Sleuth titlescreen (running in DOSBox)

Sleuth (running in DOSBox)

Sleuth is a text-based "whodunit" adventure video game created by Eric N. Miller of Norland Software (now defunct). It was first released in 1983 for IBM PC compatible machines running MS-DOS. Instead of utilizing a true CGA graphics mode, the game makes use of the semigraphical characters found in the IBM PC's Code page 437 character set.

== Gameplay ==
When the game starts, a murder has just been committed in the victim's estate. As an investigator, the player must solve the murder mystery by examining the estate and talking to its occupants. The player can move the character using the arrow keys, and interact with persons and objects (after locating the magnifying glass located randomly in one of the rooms) by issuing commands (from a fairly limited vocabulary list) at the game's prompt (similar to Sierra's "Quest" games). To win the game, the player must accurately identify the murder weapon, room the murder took place, and the murderer. The player can do this by examining different objects in the game, talking to the occupants and observing their behavior. The murderer is the one whose alibi contradicts everyone else's. After identifying the three clues, the player must then collect the murder weapon, gather everyone in the room of the murder, and accuse the murderer.

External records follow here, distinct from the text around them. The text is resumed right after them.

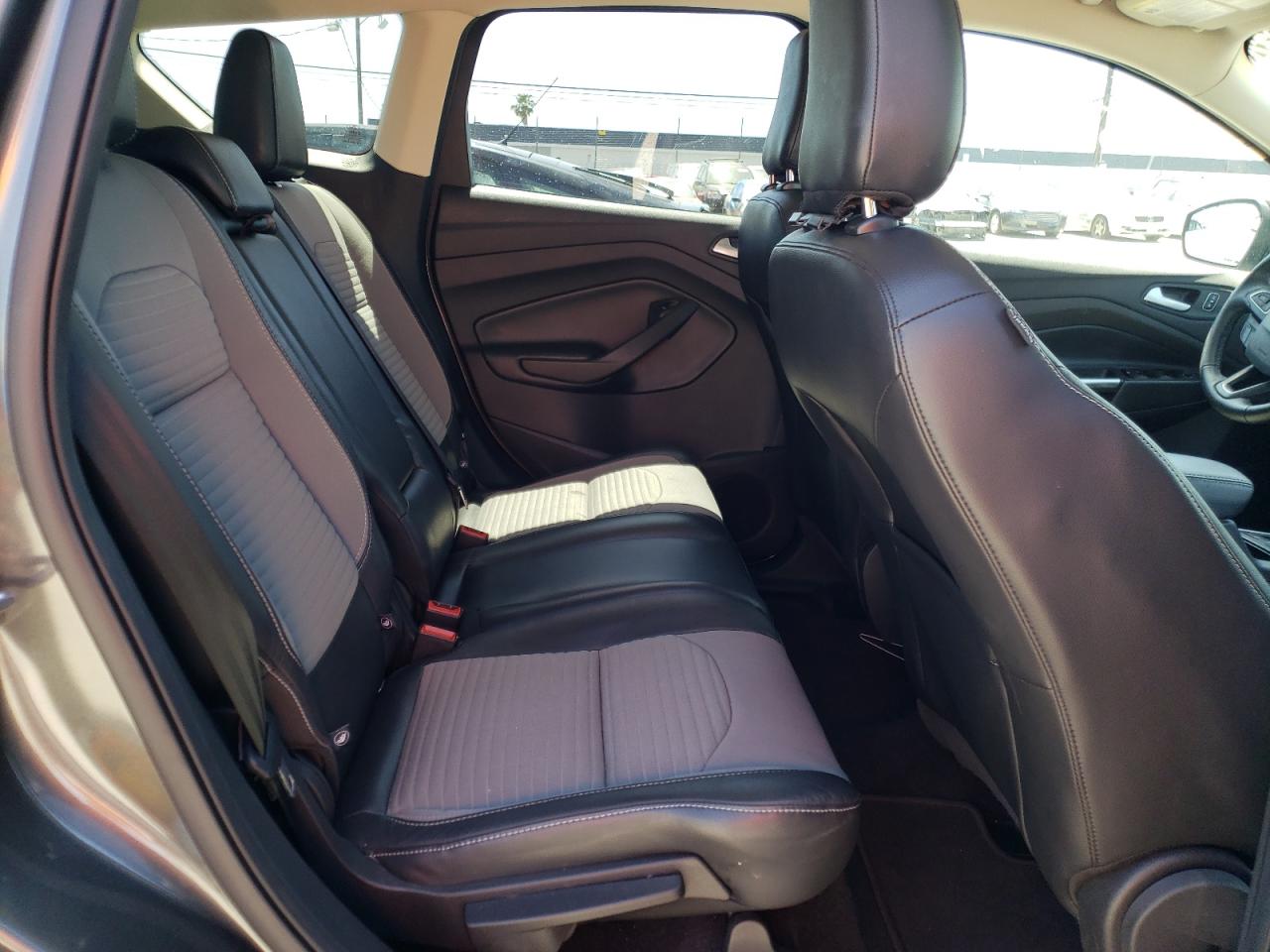 Photo 6 from auction – 2018 FORD ESCAPE SE with VIN 1FMCU9GD6JUC40223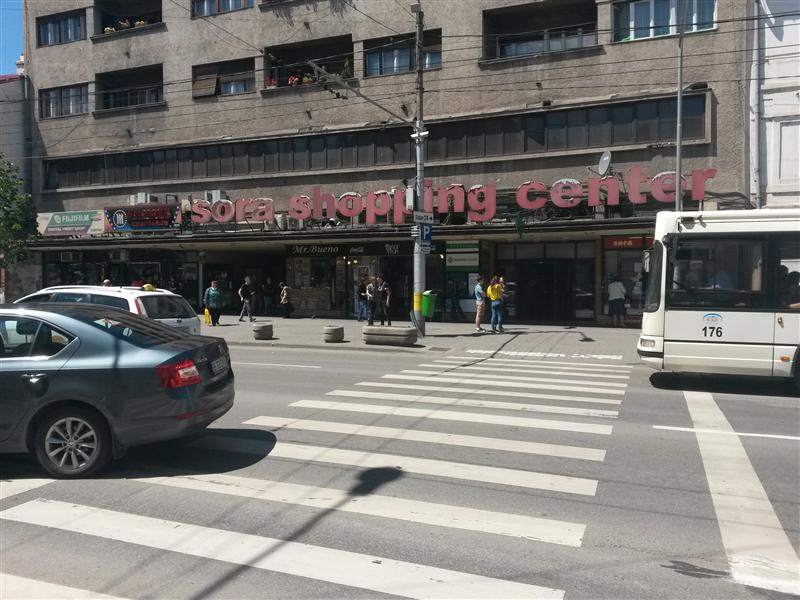 Rechinii retailului atacă în centrul Clujului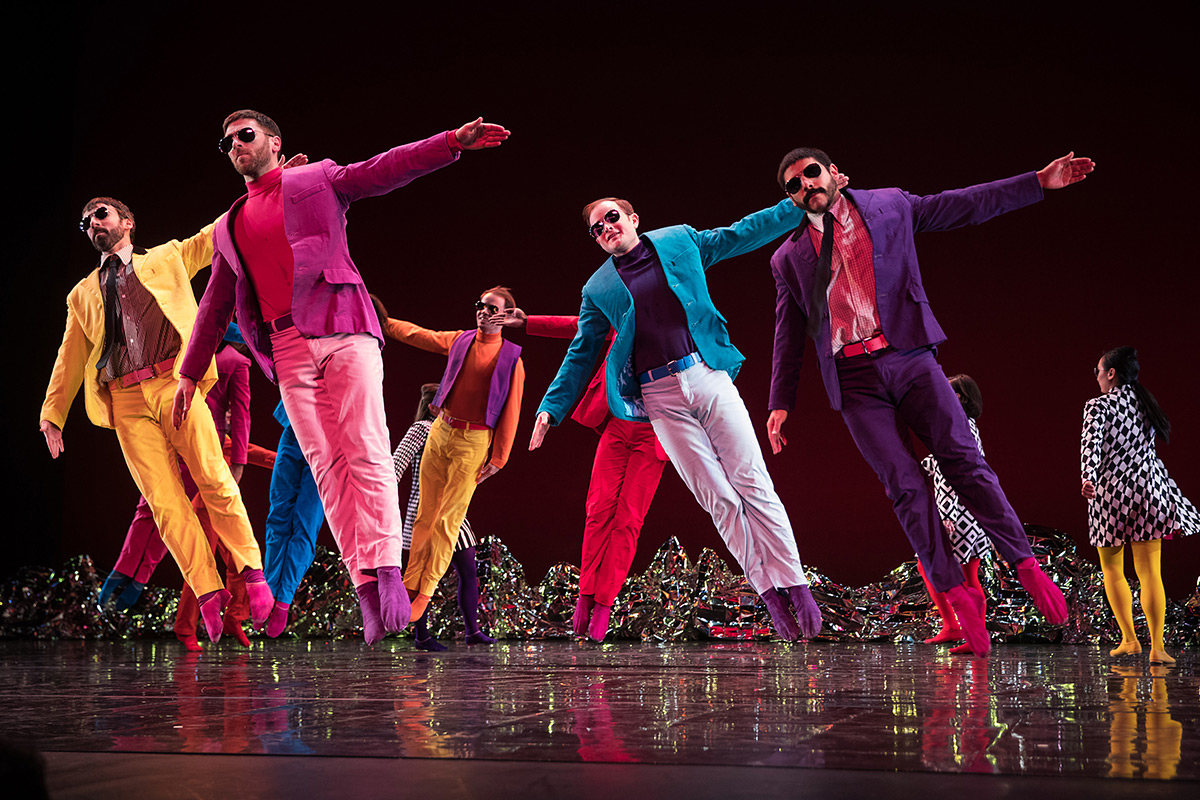 Mark Morris Dance Group in Pepperland.© Mat Hayward. (Click image for larger version)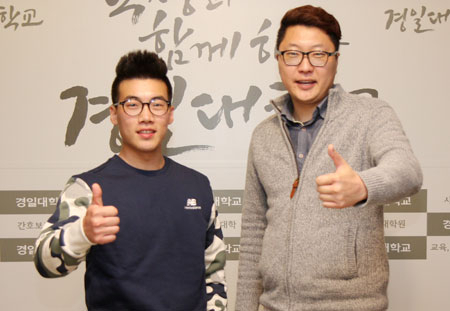 아프리카 가나 테마시 공사 현장에서 6개월간 인턴으로 일하는 장현천(왼쪽)
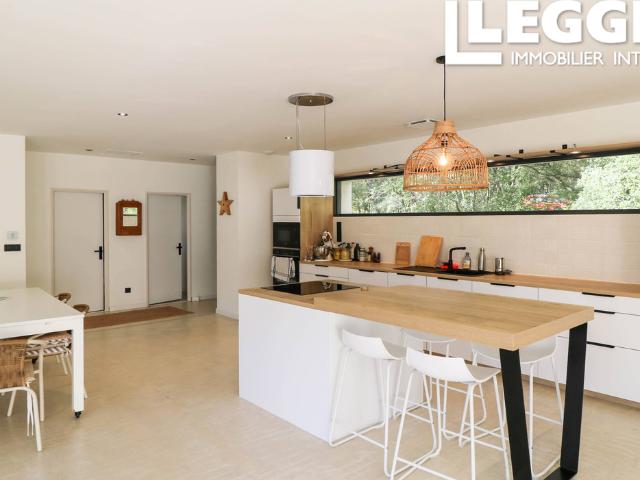 Maison contemporaine de 2024 avec piscine et appartement indépendant à Saint Hippolyte du Fort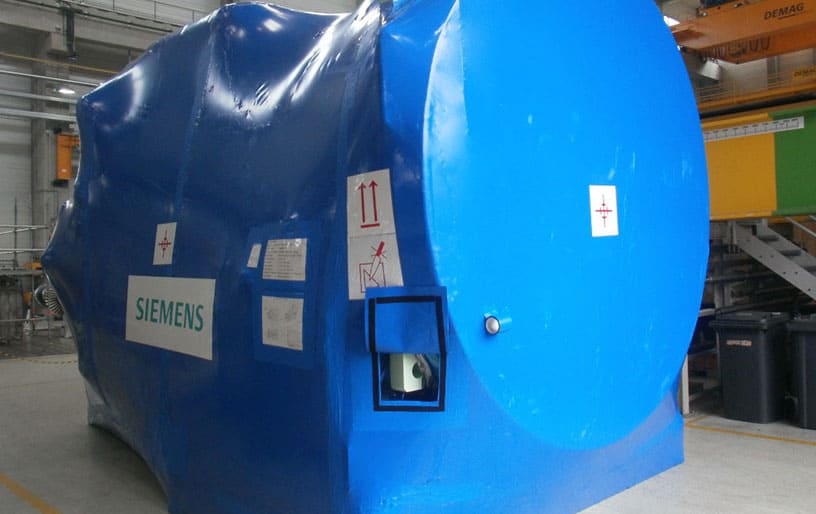 Термоусадочная упаковка груза в Москве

The game is made challenging by the fact that the player has to keep track of everyone's stories and also can only question people once or twice before the murderer becomes suspicious. If the player takes too long to solve the mystery, the murderer will eventually kill the player's character and the game ends. The game has two modes: a "Basic" mode and a "Personalized" mode. The only difference between the two modes is in the naming of in-game characters. In "Basic" mode, the game randomly generates the name of the characters, whereas in "Personalized" mode, the player can supply the names of the characters. Although the game is simple, no two murder scenarios are exactly alike as the game randomizes attributes of the game like the victim, murder scene, murder weapon, and murderer.

The game can be run on Mac with the use of the freeware program "boxer", and has been cloned in JavaScript, enabling users to play it in a web browser.